*Task to complete:*
Every line of the material below should be repeated exactly.

*** Recorded information Section Begins ***

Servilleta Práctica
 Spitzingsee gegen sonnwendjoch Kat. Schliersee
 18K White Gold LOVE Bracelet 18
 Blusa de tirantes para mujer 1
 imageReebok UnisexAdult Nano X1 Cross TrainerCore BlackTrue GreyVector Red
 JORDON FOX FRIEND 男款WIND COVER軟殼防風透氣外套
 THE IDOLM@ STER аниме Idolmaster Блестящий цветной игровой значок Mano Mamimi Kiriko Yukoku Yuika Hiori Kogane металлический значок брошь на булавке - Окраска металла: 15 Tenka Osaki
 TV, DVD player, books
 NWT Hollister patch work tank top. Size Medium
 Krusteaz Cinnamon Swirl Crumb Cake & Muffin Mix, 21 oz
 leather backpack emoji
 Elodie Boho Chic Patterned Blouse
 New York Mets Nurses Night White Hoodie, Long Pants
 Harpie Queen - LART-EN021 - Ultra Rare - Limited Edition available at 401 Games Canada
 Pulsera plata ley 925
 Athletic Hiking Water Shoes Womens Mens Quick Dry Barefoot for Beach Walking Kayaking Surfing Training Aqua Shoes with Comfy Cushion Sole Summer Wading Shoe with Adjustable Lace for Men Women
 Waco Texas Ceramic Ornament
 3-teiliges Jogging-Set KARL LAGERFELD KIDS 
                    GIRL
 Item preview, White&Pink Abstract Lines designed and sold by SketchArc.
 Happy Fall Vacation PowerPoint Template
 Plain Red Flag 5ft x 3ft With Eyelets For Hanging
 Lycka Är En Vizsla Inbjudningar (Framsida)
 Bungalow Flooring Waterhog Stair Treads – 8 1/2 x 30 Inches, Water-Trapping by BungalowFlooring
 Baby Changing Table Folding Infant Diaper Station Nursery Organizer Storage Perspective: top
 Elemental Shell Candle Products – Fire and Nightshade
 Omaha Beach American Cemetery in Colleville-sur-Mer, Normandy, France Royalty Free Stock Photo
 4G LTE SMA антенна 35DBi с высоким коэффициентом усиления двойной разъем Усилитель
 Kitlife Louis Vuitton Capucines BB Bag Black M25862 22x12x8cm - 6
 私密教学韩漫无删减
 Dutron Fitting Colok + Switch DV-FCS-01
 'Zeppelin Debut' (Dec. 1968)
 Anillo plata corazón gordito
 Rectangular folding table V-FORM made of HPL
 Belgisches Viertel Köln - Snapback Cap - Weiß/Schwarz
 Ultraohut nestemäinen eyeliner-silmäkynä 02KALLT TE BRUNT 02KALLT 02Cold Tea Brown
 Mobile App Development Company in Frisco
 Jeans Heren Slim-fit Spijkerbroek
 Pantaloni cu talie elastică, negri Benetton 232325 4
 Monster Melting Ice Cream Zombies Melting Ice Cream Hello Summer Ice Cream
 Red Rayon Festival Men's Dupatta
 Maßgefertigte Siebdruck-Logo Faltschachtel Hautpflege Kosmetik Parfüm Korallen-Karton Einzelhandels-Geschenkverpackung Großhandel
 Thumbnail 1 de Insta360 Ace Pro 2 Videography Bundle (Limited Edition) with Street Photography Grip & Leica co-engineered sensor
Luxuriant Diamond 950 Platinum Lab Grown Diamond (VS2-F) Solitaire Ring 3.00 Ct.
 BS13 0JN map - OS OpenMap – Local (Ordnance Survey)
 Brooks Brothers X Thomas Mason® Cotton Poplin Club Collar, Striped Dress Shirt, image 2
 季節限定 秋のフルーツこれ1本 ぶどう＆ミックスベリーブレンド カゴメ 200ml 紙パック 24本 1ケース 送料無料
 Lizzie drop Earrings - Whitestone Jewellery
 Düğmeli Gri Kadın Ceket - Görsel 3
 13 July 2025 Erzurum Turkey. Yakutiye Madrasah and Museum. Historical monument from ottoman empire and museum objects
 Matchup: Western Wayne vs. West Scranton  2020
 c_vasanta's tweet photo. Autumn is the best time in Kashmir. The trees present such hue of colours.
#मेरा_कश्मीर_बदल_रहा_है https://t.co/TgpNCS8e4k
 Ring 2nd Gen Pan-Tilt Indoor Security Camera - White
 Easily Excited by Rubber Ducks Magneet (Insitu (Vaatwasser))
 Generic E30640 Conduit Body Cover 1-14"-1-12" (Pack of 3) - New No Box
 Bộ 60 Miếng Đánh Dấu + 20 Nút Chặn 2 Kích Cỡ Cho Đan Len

*** Recorded information Section Ends ***

*Solution to this task:*
Servilleta Práctica
 Spitzingsee gegen sonnwendjoch Kat. Schliersee
 18K White Gold LOVE Bracelet 18
 Blusa de tirantes para mujer 1
 imageReebok UnisexAdult Nano X1 Cross TrainerCore BlackTrue GreyVector Red
 JORDON FOX FRIEND 男款WIND COVER軟殼防風透氣外套
 THE IDOLM@ STER аниме Idolmaster Блестящий цветной игровой значок Mano Mamimi Kiriko Yukoku Yuika Hiori Kogane металлический значок брошь на булавке - Окраска металла: 15 Tenka Osaki
 TV, DVD player, books
 NWT Hollister patch work tank top. Size Medium
 Krusteaz Cinnamon Swirl Crumb Cake & Muffin Mix, 21 oz
 leather backpack emoji
 Elodie Boho Chic Patterned Blouse
 New York Mets Nurses Night White Hoodie, Long Pants
 Harpie Queen - LART-EN021 - Ultra Rare - Limited Edition available at 401 Games Canada
 Pulsera plata ley 925
 Athletic Hiking Water Shoes Womens Mens Quick Dry Barefoot for Beach Walking Kayaking Surfing Training Aqua Shoes with Comfy Cushion Sole Summer Wading Shoe with Adjustable Lace for Men Women
 Waco Texas Ceramic Ornament
 3-teiliges Jogging-Set KARL LAGERFELD KIDS 
                    GIRL
 Item preview, White&Pink Abstract Lines designed and sold by SketchArc.
 Happy Fall Vacation PowerPoint Template
 Plain Red Flag 5ft x 3ft With Eyelets For Hanging
 Lycka Är En Vizsla Inbjudningar (Framsida)
 Bungalow Flooring Waterhog Stair Treads – 8 1/2 x 30 Inches, Water-Trapping by BungalowFlooring
 Baby Changing Table Folding Infant Diaper Station Nursery Organizer Storage Perspective: top
 Elemental Shell Candle Products – Fire and Nightshade
 Omaha Beach American Cemetery in Colleville-sur-Mer, Normandy, France Royalty Free Stock Photo
 4G LTE SMA антенна 35DBi с высоким коэффициентом усиления двойной разъем Усилитель
 Kitlife Louis Vuitton Capucines BB Bag Black M25862 22x12x8cm - 6
 私密教学韩漫无删减
 Dutron Fitting Colok + Switch DV-FCS-01
 'Zeppelin Debut' (Dec. 1968)
 Anillo plata corazón gordito
 Rectangular folding table V-FORM made of HPL
 Belgisches Viertel Köln - Snapback Cap - Weiß/Schwarz
 Ultraohut nestemäinen eyeliner-silmäkynä 02KALLT TE BRUNT 02KALLT 02Cold Tea Brown
 Mobile App Development Company in Frisco
 Jeans Heren Slim-fit Spijkerbroek
 Pantaloni cu talie elastică, negri Benetton 232325 4
 Monster Melting Ice Cream Zombies Melting Ice Cream Hello Summer Ice Cream
 Red Rayon Festival Men's Dupatta
 Maßgefertigte Siebdruck-Logo Faltschachtel Hautpflege Kosmetik Parfüm Korallen-Karton Einzelhandels-Geschenkverpackung Großhandel
 Thumbnail 1 de Insta360 Ace Pro 2 Videography Bundle (Limited Edition) with Street Photography Grip & Leica co-engineered sensor
Luxuriant Diamond 950 Platinum Lab Grown Diamond (VS2-F) Solitaire Ring 3.00 Ct.
 BS13 0JN map - OS OpenMap – Local (Ordnance Survey)
 Brooks Brothers X Thomas Mason® Cotton Poplin Club Collar, Striped Dress Shirt, image 2
 季節限定 秋のフルーツこれ1本 ぶどう＆ミックスベリーブレンド カゴメ 200ml 紙パック 24本 1ケース 送料無料
 Lizzie drop Earrings - Whitestone Jewellery
 Düğmeli Gri Kadın Ceket - Görsel 3
 13 July 2025 Erzurum Turkey. Yakutiye Madrasah and Museum. Historical monument from ottoman empire and museum objects
 Matchup: Western Wayne vs. West Scranton  2020
 c_vasanta's tweet photo. Autumn is the best time in Kashmir. The trees present such hue of colours.
#मेरा_कश्मीर_बदल_रहा_है https://t.co/TgpNCS8e4k
 Ring 2nd Gen Pan-Tilt Indoor Security Camera - White
 Easily Excited by Rubber Ducks Magneet (Insitu (Vaatwasser))
 Generic E30640 Conduit Body Cover 1-14"-1-12" (Pack of 3) - New No Box
 Bộ 60 Miếng Đánh Dấu + 20 Nút Chặn 2 Kích Cỡ Cho Đan Len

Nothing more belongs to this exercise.